A top Georgia emergency response official who was threatened with being fired in the middle Hurricane Matthew’s wrath received a hefty pay raise as part of a settlement agreement with the agency.

Clint Perkins, director of the Georgia Emergency Management Agency’s state operations center, got a salary increase of more than $20,000 after a dustup with the department’s then director, Jim Butterworth, during the response to the deadly October storm.

Documents obtained by The Atlanta Journal-Constitution through a public records request shed light on the internal turmoil buffeting the state’s emergency response team while grappling with the hurricane, which left four Georgians dead and tens of millions of dollars in damage in its wake.

The AJC previously reported that Perkins sent staffers what appeared to be a farewell letter the Wednesday after the storm struck, thanking colleagues for "overwhelming" support. At the time, the agency said Perkins was still on the staff and had not been terminated.

But documents show there was more to the behind-the-scenes tempest. A November letter from Perkins’ attorney Kim Worth sought $150,000 in compensatory damages and a roughly $30,000 salary increase for what she called Butterworth’s “unlawful retaliation” toward her client.

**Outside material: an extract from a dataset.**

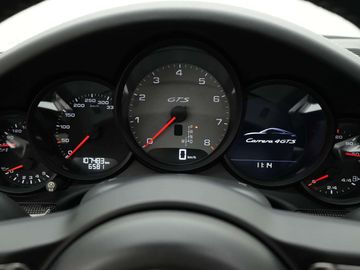 Car image 33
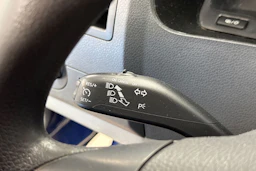 sininen Volkswagen Transporter 2012 kuva 19.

“Butterworth’s deliberate decision to terminate Mr. Perkins at the precise moment when GEMA was deploying its resources to respond to Hurricane Matthew was humiliating and irreparably harmed Mr. Perkins’s professional reputation,” wrote Worth.

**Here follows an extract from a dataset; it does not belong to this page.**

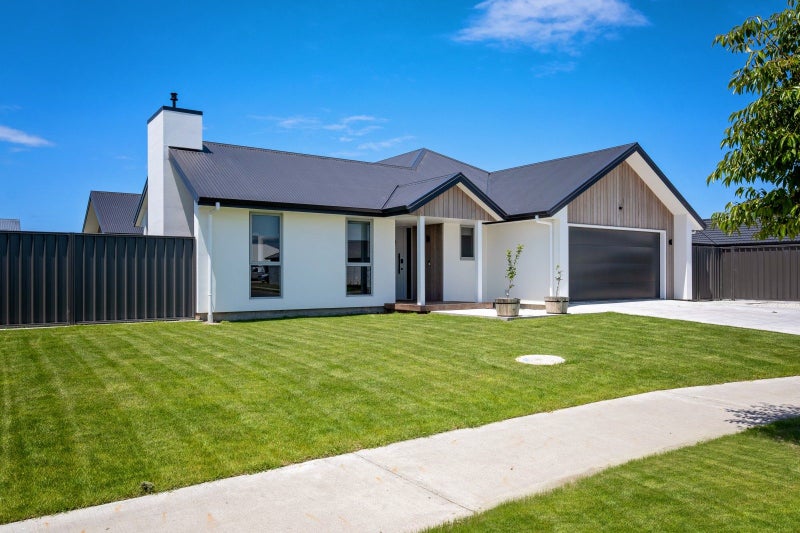 7 Rangataiki Place, Awatoto, Napier - Carousel 2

Perkins wasn’t ultimately fired.

In a Jan. 30 settlement agreement, the state agreed to hike Perkins' salary to $86,500, from the roughly $65,000 he earned in 2016. The legal compact included no admission of wrongdoing or liability from either party, and no mention of compensatory damages.

Attorneys for the state and Perkins declined further comment. Perkins, too, has declined to comment on what happened.

Shortly after the storm passed, Butterworth sent word that he was leaving for a private-sector job. Deal's top aide said it was a long-planned departure and that Butterworth, a former head of the Georgia National Guard, had briefed the governor on his plans in September.

But before Butterworth left, he weighed in one final time on the Perkins issue. He wrote a Nov. 3 email to an agency attorney, urging him to deny Perkins’ “highly opportunistic” request for damages and a salary increase, and he suggested that the state file a countersuit accusing him of “frivolous” litigation if the employee sued.